[Prompt] Skip every picture, then write out exactly the lines of the listing below from the line that contains "A Group of Wedgwood" through the final line.

[Records shown]
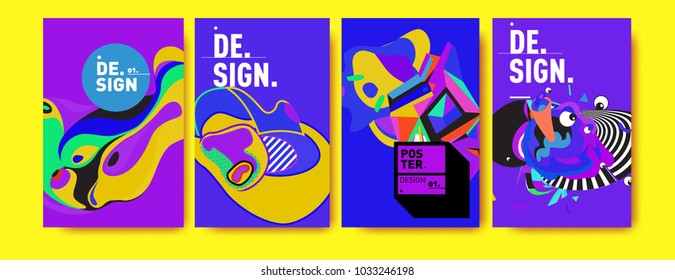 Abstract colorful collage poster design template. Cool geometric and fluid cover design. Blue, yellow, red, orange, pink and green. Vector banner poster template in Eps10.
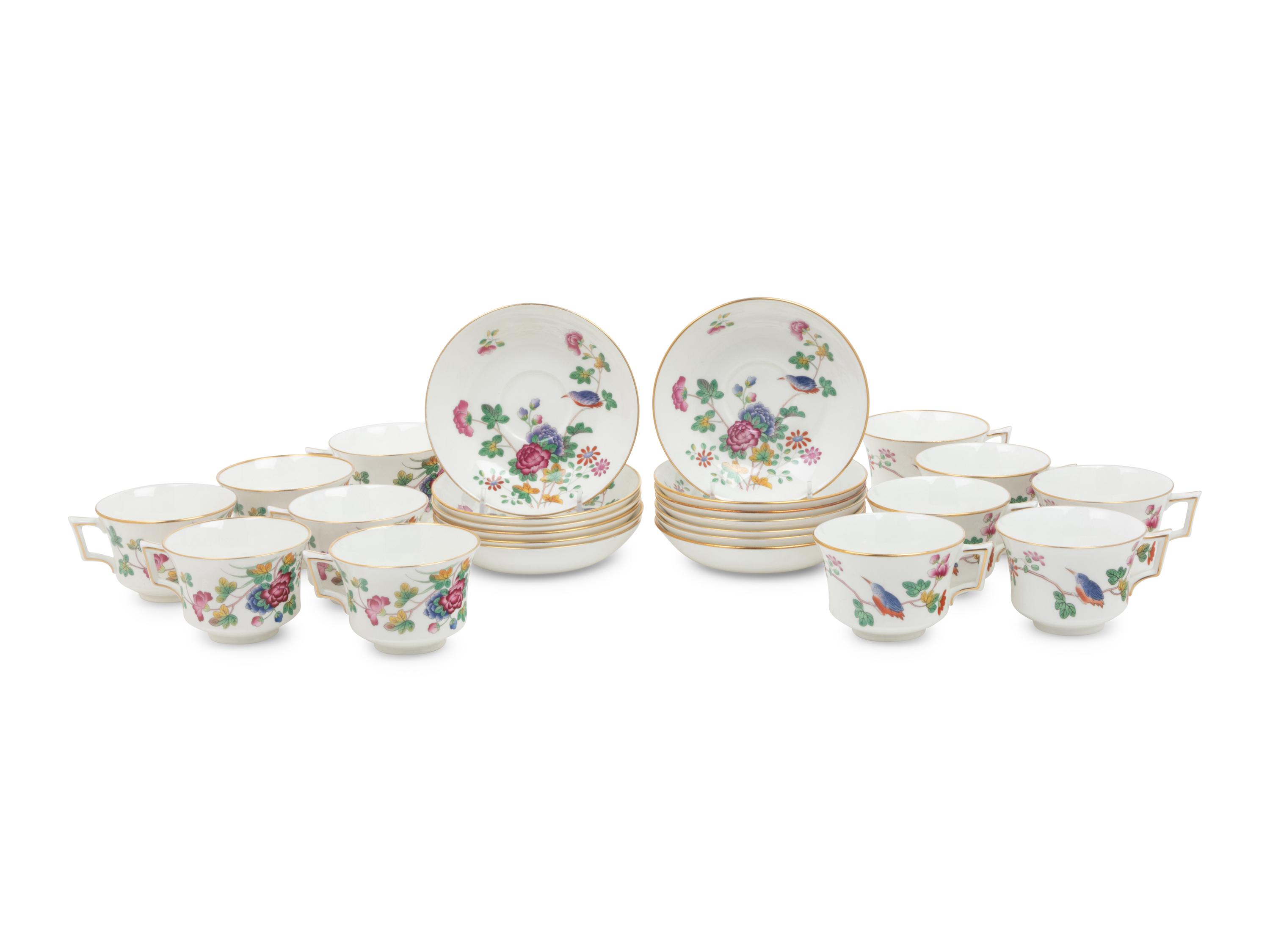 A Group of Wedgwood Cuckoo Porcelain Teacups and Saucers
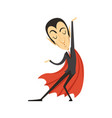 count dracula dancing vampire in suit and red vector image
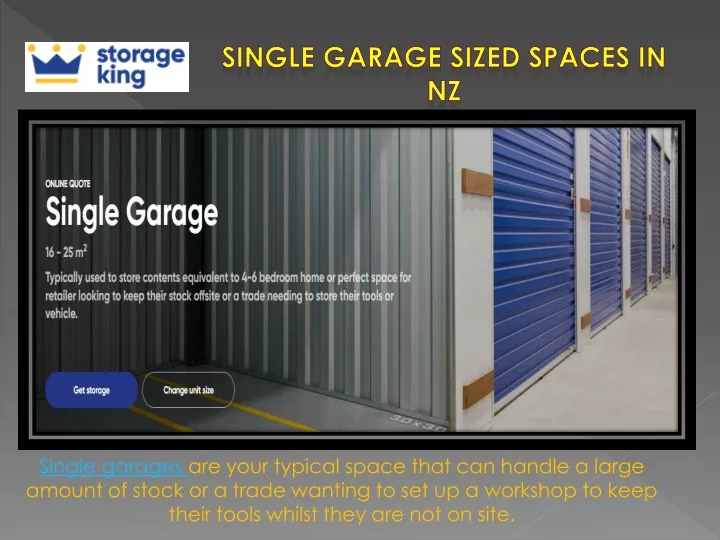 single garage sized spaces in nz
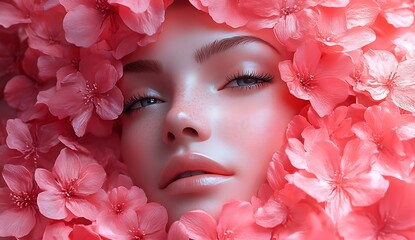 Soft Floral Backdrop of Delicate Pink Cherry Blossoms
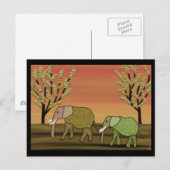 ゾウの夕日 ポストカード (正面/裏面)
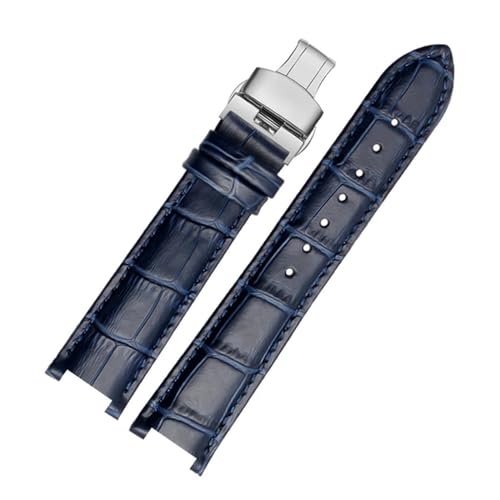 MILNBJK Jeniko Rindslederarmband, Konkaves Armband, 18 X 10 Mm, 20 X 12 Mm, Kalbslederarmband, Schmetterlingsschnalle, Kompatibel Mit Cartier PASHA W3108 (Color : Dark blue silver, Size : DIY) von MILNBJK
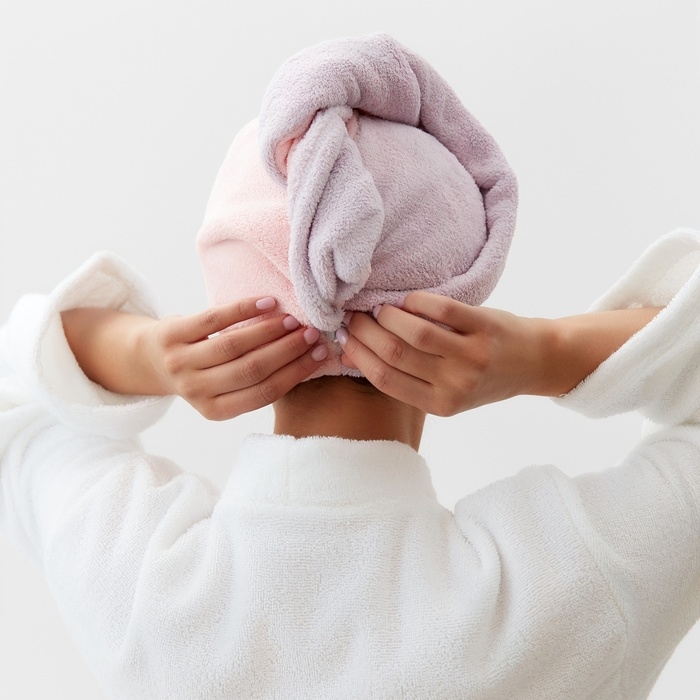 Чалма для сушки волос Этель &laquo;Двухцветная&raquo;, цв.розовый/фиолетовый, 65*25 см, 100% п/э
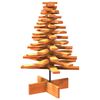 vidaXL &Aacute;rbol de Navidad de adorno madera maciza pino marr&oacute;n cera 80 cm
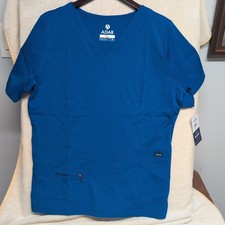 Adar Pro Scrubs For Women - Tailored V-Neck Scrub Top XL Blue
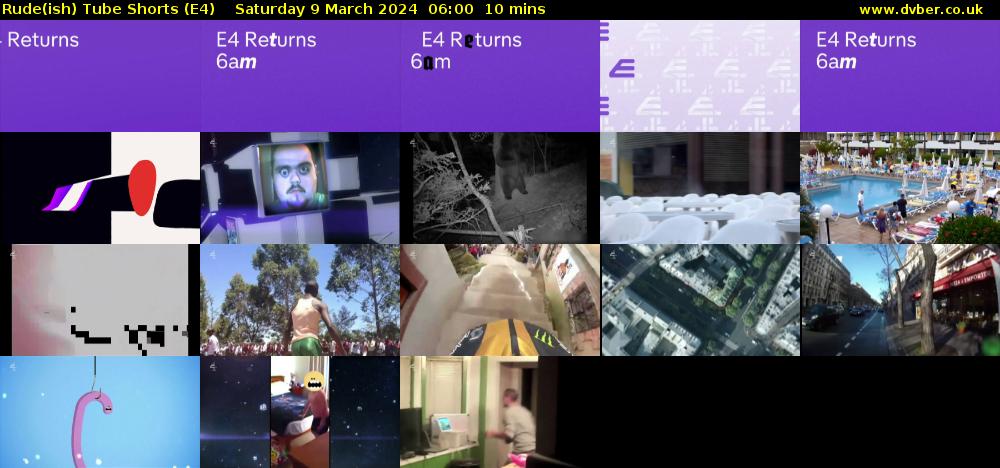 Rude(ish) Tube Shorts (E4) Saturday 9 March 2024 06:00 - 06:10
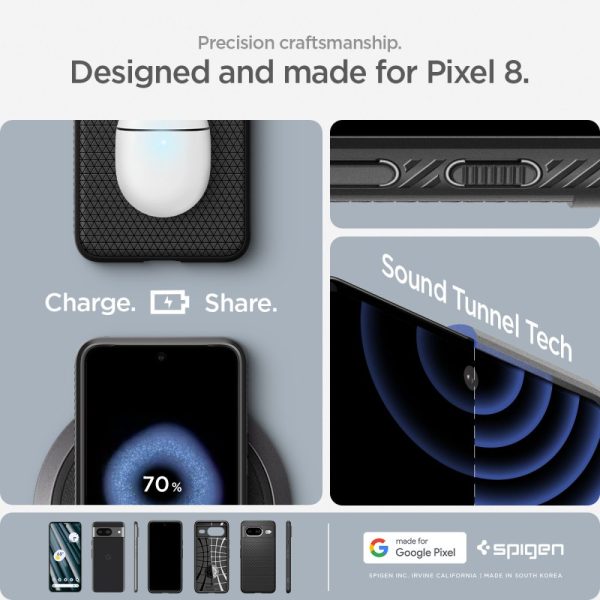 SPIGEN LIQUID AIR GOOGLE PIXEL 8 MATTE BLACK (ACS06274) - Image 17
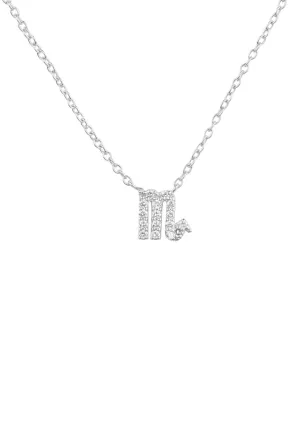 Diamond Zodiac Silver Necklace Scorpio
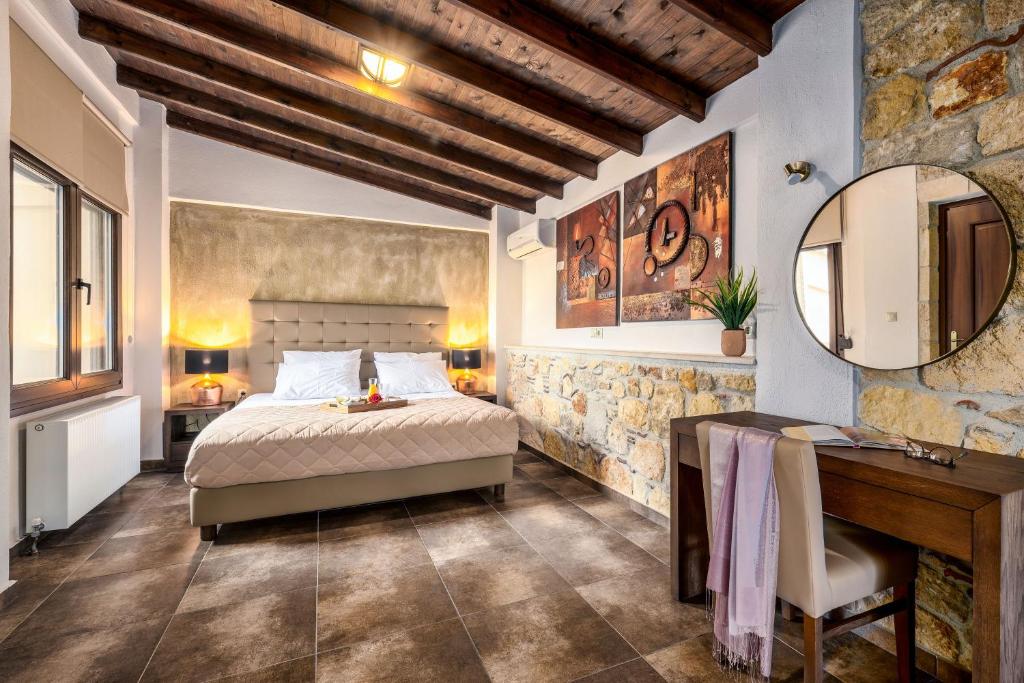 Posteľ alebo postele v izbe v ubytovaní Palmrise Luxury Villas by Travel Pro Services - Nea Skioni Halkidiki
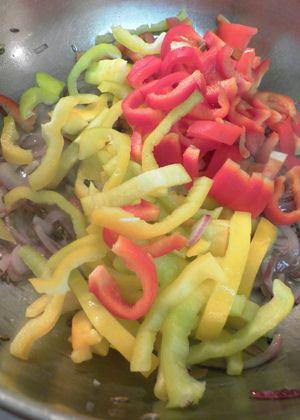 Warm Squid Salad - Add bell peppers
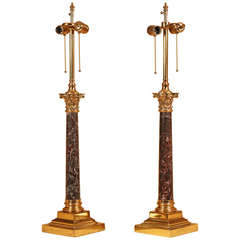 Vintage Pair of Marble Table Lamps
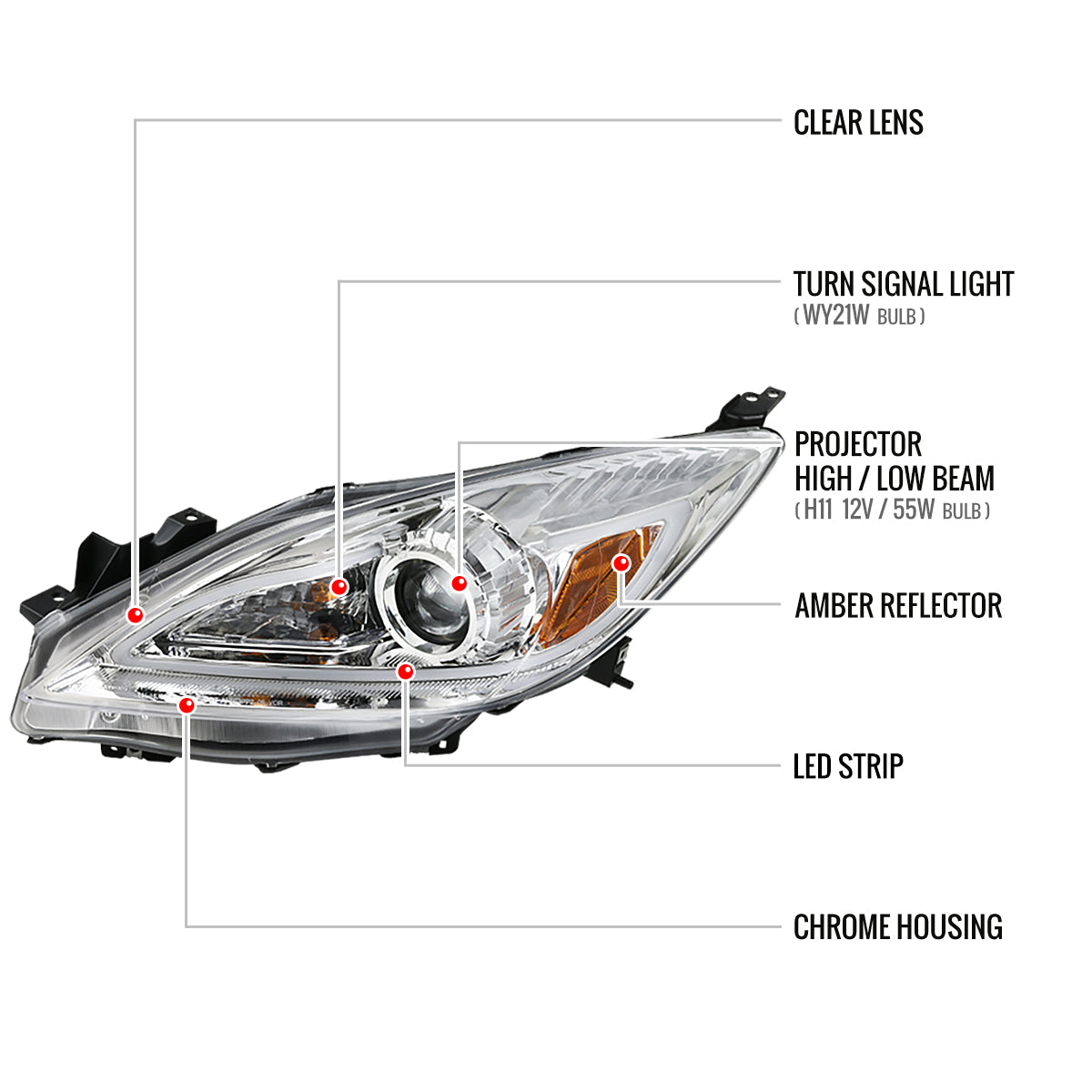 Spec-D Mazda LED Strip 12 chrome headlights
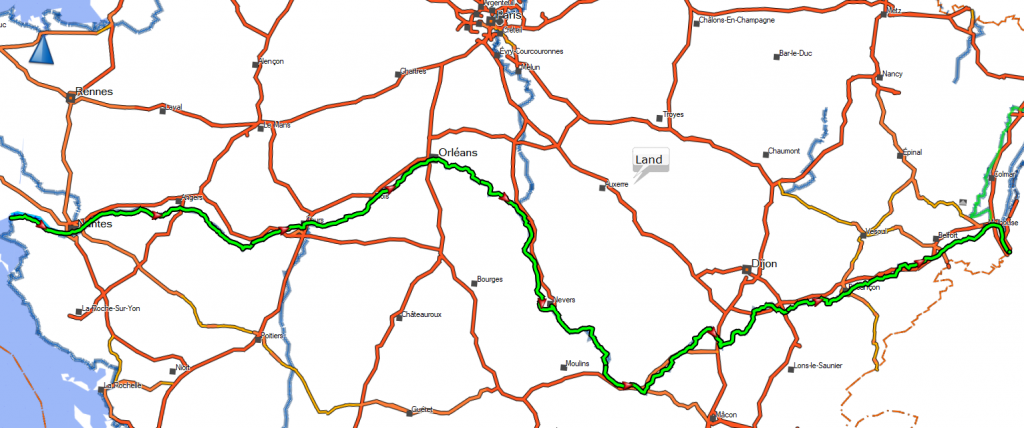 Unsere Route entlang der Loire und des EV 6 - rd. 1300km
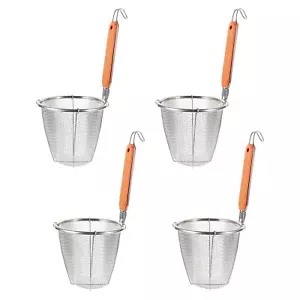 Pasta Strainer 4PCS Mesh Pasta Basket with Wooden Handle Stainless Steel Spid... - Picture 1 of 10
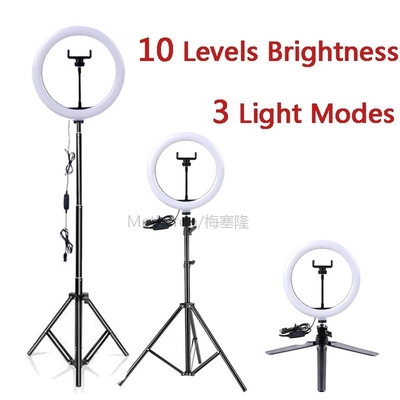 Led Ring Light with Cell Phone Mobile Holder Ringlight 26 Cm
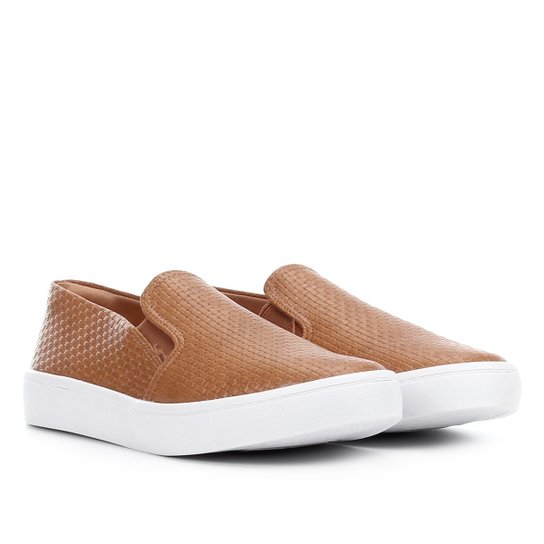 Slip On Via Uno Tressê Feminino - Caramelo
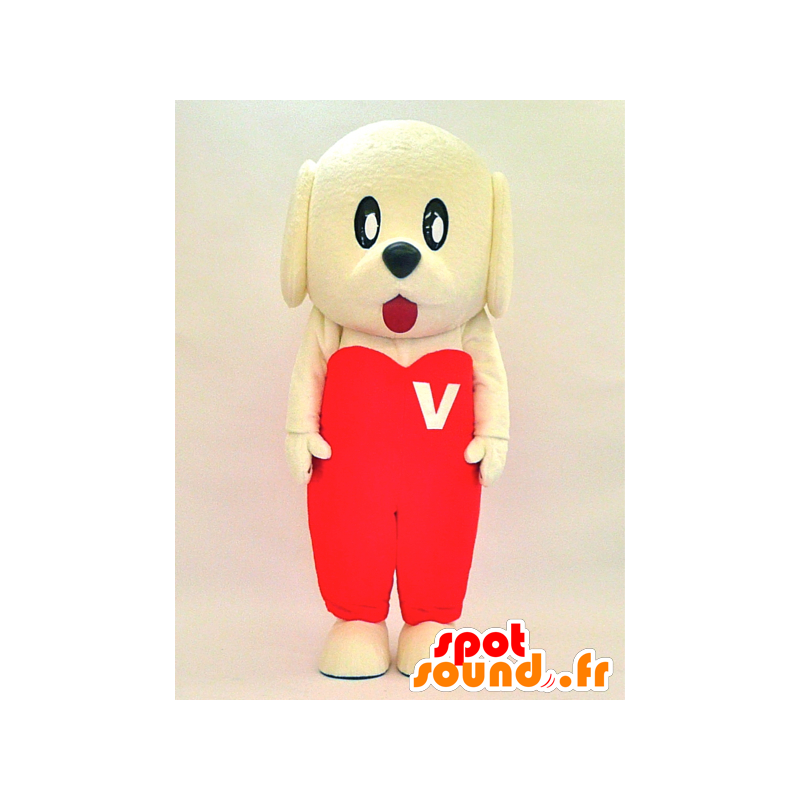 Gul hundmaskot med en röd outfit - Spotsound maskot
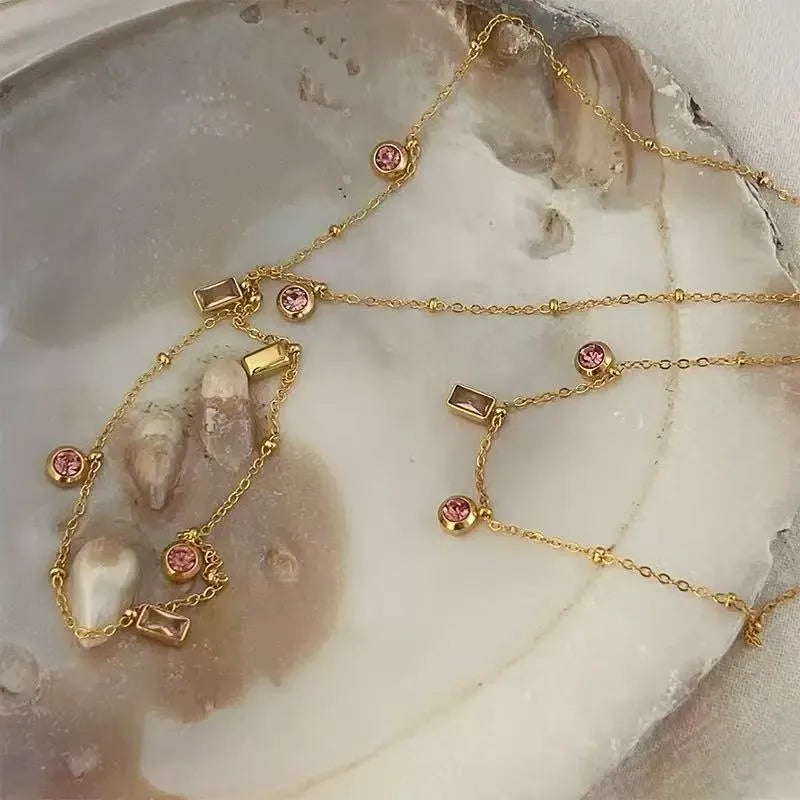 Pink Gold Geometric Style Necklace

[Reply]
 A Group of Wedgwood Cuckoo Porcelain Teacups and Saucers
 count dracula dancing vampire in suit and red vector image
 single garage sized spaces in nz
 Soft Floral Backdrop of Delicate Pink Cherry Blossoms
 ゾウの夕日 ポストカード (正面/裏面)
 MILNBJK Jeniko Rindslederarmband, Konkaves Armband, 18 X 10 Mm, 20 X 12 Mm, Kalbslederarmband, Schmetterlingsschnalle, Kompatibel Mit Cartier PASHA W3108 (Color : Dark blue silver, Size : DIY) von MILNBJK
 Чалма для сушки волос Этель &laquo;Двухцветная&raquo;, цв.розовый/фиолетовый, 65*25 см, 100% п/э
 vidaXL &Aacute;rbol de Navidad de adorno madera maciza pino marr&oacute;n cera 80 cm
 Adar Pro Scrubs For Women - Tailored V-Neck Scrub Top XL Blue
 Rude(ish) Tube Shorts (E4) Saturday 9 March 2024 06:00 - 06:10
 SPIGEN LIQUID AIR GOOGLE PIXEL 8 MATTE BLACK (ACS06274) - Image 17
 Diamond Zodiac Silver Necklace Scorpio
 Posteľ alebo postele v izbe v ubytovaní Palmrise Luxury Villas by Travel Pro Services - Nea Skioni Halkidiki
 Warm Squid Salad - Add bell peppers
 Vintage Pair of Marble Table Lamps
 Spec-D Mazda LED Strip 12 chrome headlights
 Unsere Route entlang der Loire und des EV 6 - rd. 1300km
 Pasta Strainer 4PCS Mesh Pasta Basket with Wooden Handle Stainless Steel Spid... - Picture 1 of 10
 Led Ring Light with Cell Phone Mobile Holder Ringlight 26 Cm
 Slip On Via Uno Tressê Feminino - Caramelo
 Gul hundmaskot med en röd outfit - Spotsound maskot
 Pink Gold Geometric Style Necklace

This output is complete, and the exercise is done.